• EXERCISE INSTRUCTIONS
Take the line containing "Coronavirus en el país" and each line after it through the end of the data below, and return them exactly, minus any pictures.

• RECORD EXCERPTS
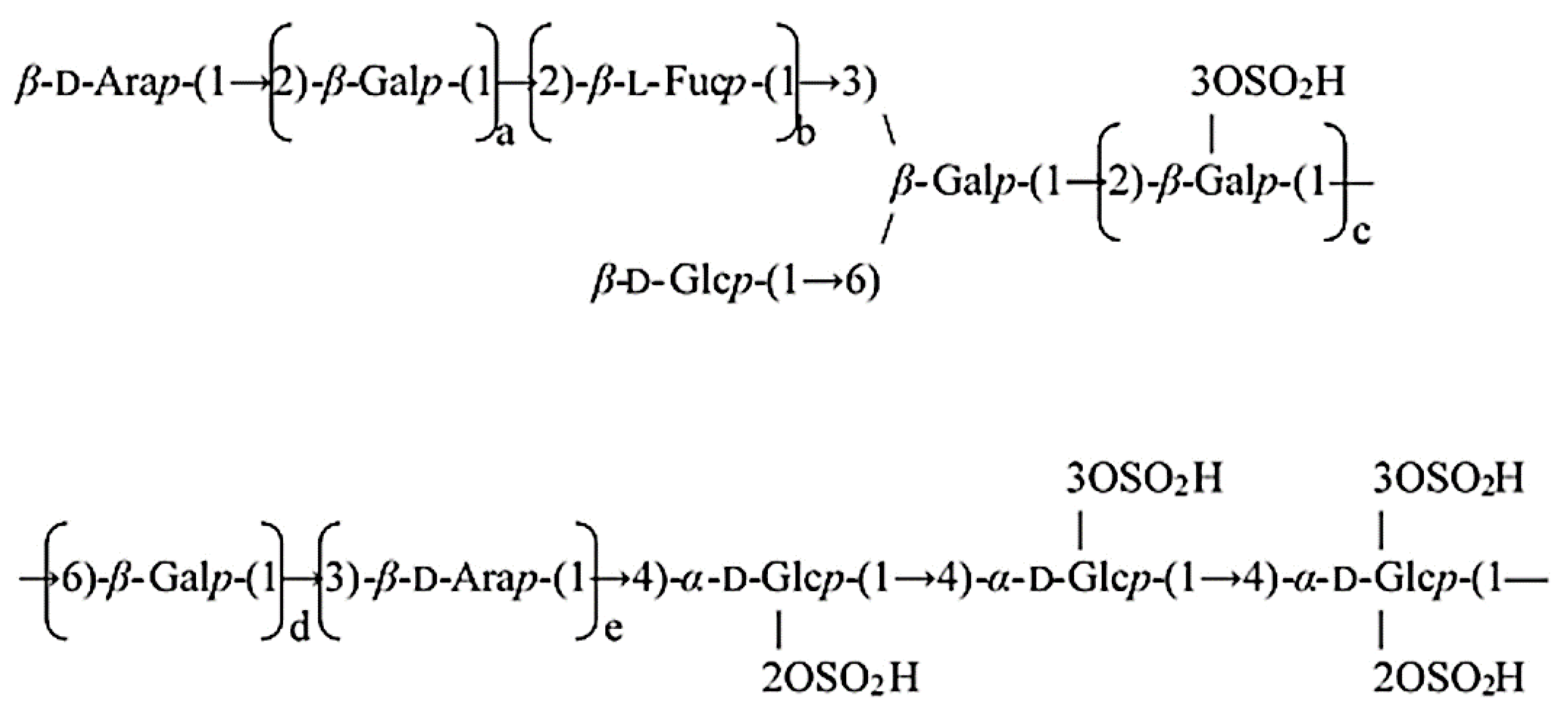 Cells 10 03531 g001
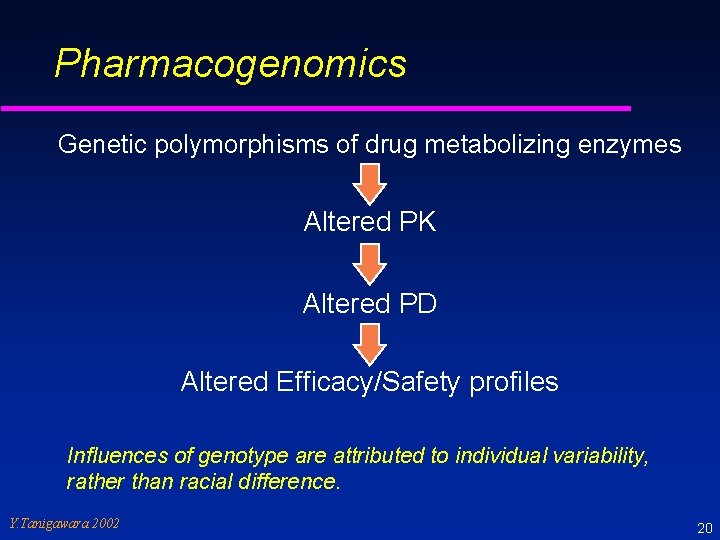 Pharmacogenomics Genetic polymorphisms of drug metabolizing enzymes Altered PK Altered PD Altered Efficacy/Safety profiles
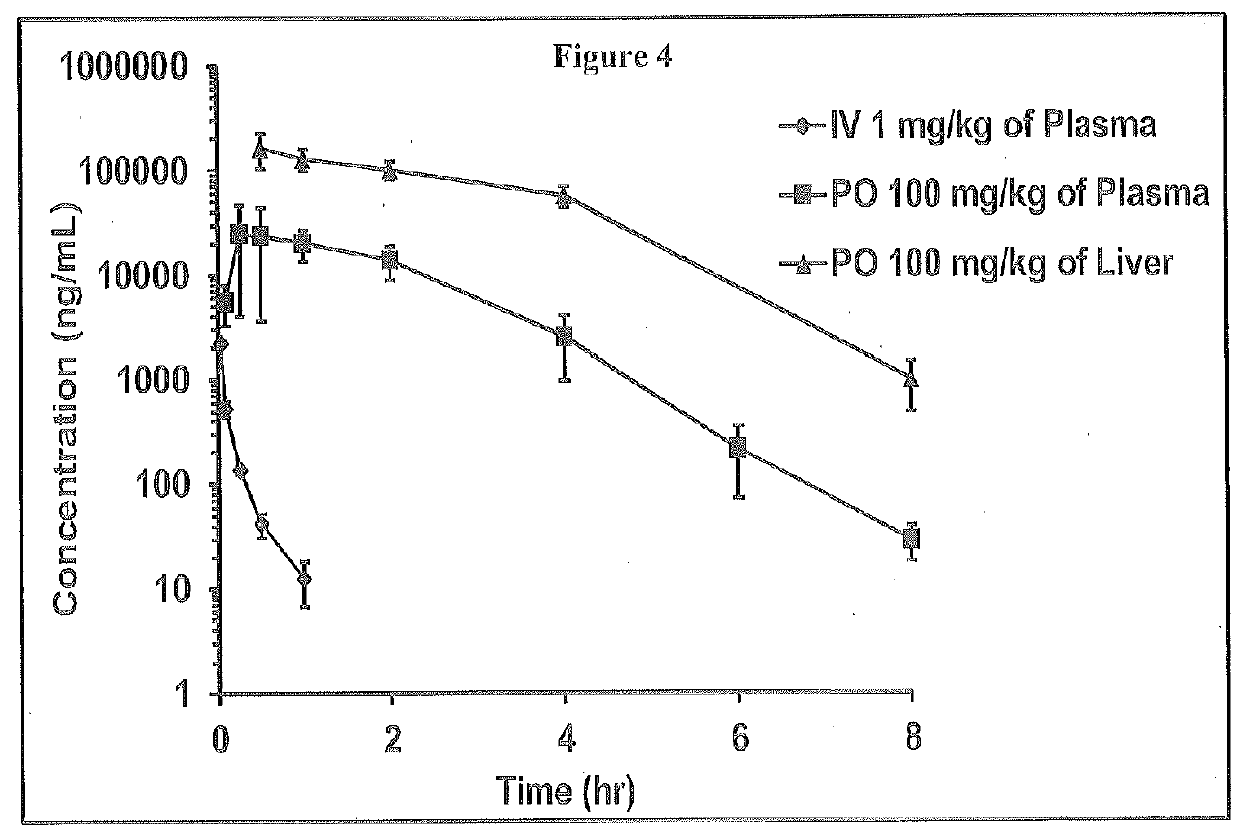 Novel 4-methyl-dihydropyrimidines for the treatment and prophylaxis of hepatitis b virus infection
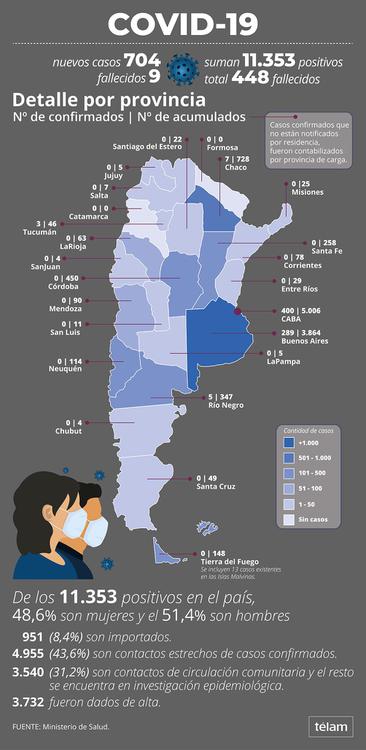Coronavirus en el país
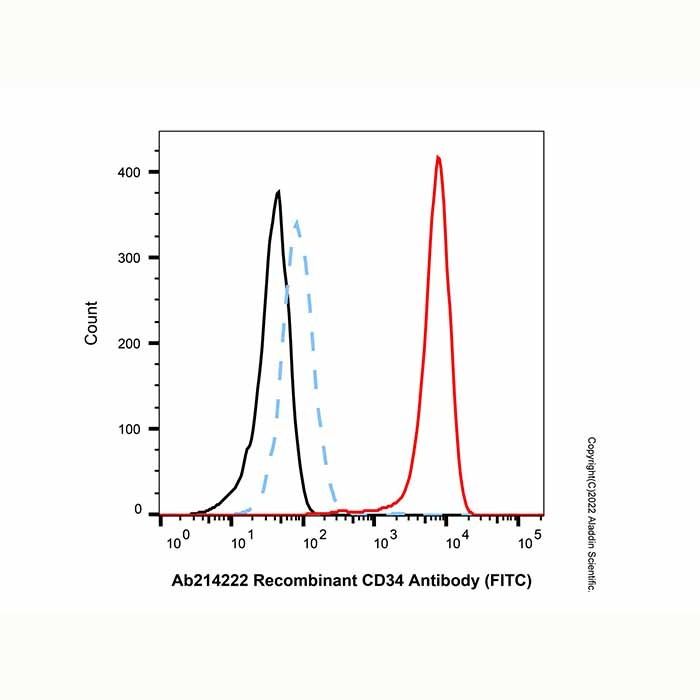 Recombinant CD34 Antibody (FITC) - by Aladdin Scientific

• TASK SOLUTION
Coronavirus en el país
 Recombinant CD34 Antibody (FITC) - by Aladdin Scientific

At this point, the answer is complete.